Risque : le responsable du traitement reste responsable même pour les sous-traitants. La direction de la fiduciaire peut être poursuivie.
Cas 4 — Le formulaire de contact non déclaré
Un cabinet médical valaisan collecte des données de santé via un formulaire en ligne hébergé sur un serveur tiers en Allemagne. Ni la politique de confidentialité, ni les patients ne sont informés de ce transfert hors de Suisse. Pas d'AIPD, pas de garanties contractuelles.
Risque : violation de l'obligation d'information et du devoir de diligence pour des données sensibles (santé). Exposition maximale sous l'Art. 60 et 61.

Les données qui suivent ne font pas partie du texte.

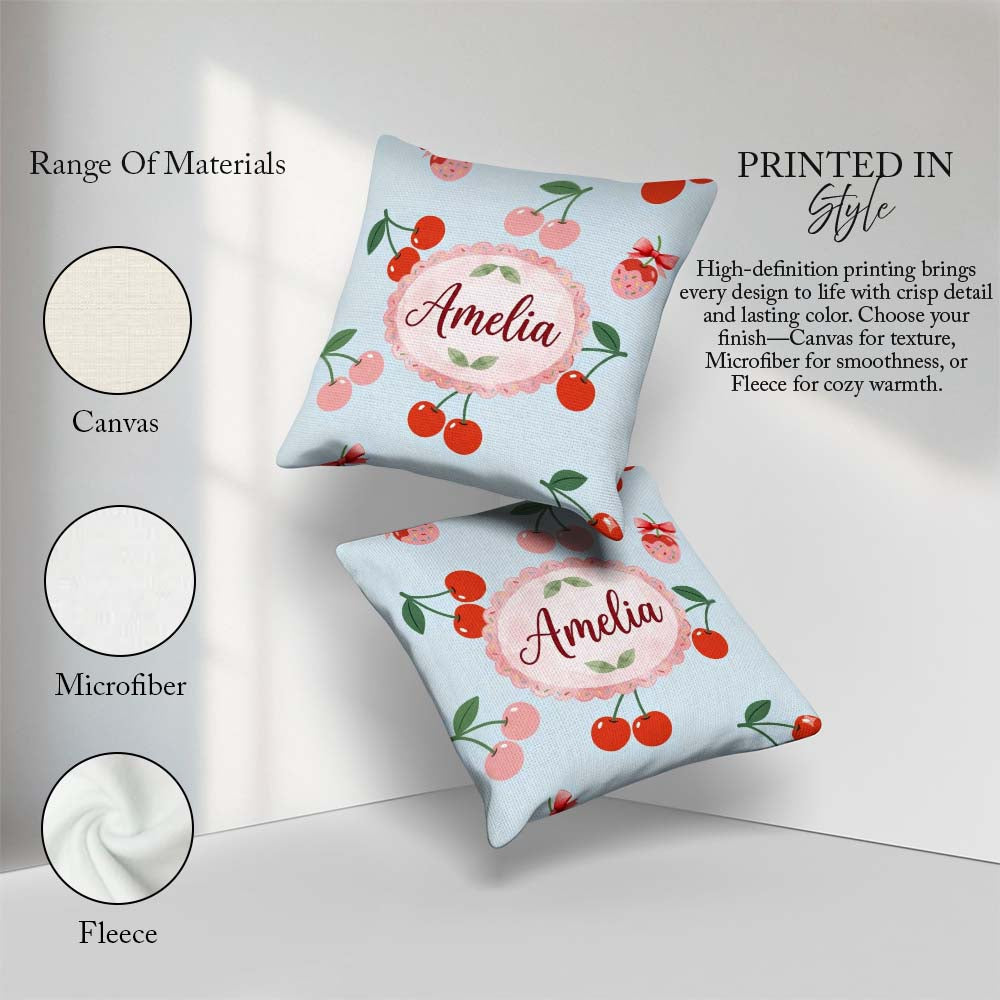 Custom Name Cute Cherry Fruit with Bow and Sprinkles Pastel Blue Square Filled Cushion Throw Pillow Sofa Bed Home Decor Zip Washable UK Made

Comment vous protéger : les mesures de conformité essentielles
1. Auditez vos traitements de données
Commencez par un inventaire complet : quelles données collectez-vous ? Sur quels systèmes ? Avec quels prestataires ? Quels pays ? Ce travail de cartographie est la base de toute conformité sérieuse.
2. Documentez tout
En cas de litige ou d'enquête, la documentation est votre première ligne de défense. Conservez :
- Le registre des activités de traitement (même simplifié pour les PME < 250 collaborateurs)
- Les analyses d'impact réalisées
- Les contrats avec vos sous-traitants (clauses de protection des données)
- Les preuves de consentement de vos utilisateurs
- Les procédures internes de sécurité
3. Mettez en place une bannière de consentement conforme
La bannière doit permettre de refuser aussi facilement qu'accepter. Les scripts tiers (analytics, réseaux sociaux, publicité) doivent être bloqués jusqu'à l'obtention du consentement. C'est le minimum légal.
4. Formez vos collaborateurs
La responsabilité pénale peut atteindre n'importe quel collaborateur qui a pris une décision fautive. Une formation sur les obligations de base de la nLPD — même d'une demi-journée — réduit considérablement les risques.
5. Désignez un responsable interne
Même si la nLPD ne rend pas le délégué à la protection des données obligatoire pour les PME, désigner un référent interne (ou externe) crée une responsabilité claire et facilite la coordination en cas d'incident.
Assurances : D&O et cyber, des protections complémentaires
Face à un risque de responsabilité personnelle, deux types d'assurances méritent votre attention :
Assurance Responsabilité des dirigeants (D&O — Directors & Officers) Elle couvre les frais de défense et les dommages-intérêts découlant d'une mise en cause personnelle du dirigeant pour des manquements dans l'exercice de ses fonctions. Certaines polices incluent explicitement les violations réglementaires.
Assurance cyber (Cyber Liability) Elle couvre les coûts liés à une violation de données : notification aux personnes concernées, gestion de crise, frais IT, et dans certains cas les frais de défense juridique. Elle ne couvre généralement pas les amendes pénales, mais réduit considérablement l'impact financier global d'un incident.
Attention : vérifiez attentivement les exclusions de votre police. Certaines assureurs excluent les violations intentionnelles ou les manquements "délibérés" à la réglementation — ce qui peut être invoqué si vous n'avez pris aucune mesure de conformité.
Ce que la nLPD n'interdit pas
Il est important de ne pas surinterpréter le régime des sanctions. La nLPD ne punit pas l'imperfection, elle punit la négligence caractérisée et le mépris délibéré des obligations. Une PME qui :
- a fait un effort de bonne foi pour se conformer,
- a documenté ses démarches,
- a corrigé ses manquements lorsqu'ils ont été identifiés,
...sera dans une position bien plus solide que celle qui n'a rien fait, même si sa conformité n'est pas parfaite.
Le PFPDT a publiquement indiqué qu'il privilégiait une approche pédagogique et préventive — particulièrement pour les PME de bonne foi — avant de recourir à des poursuites pénales.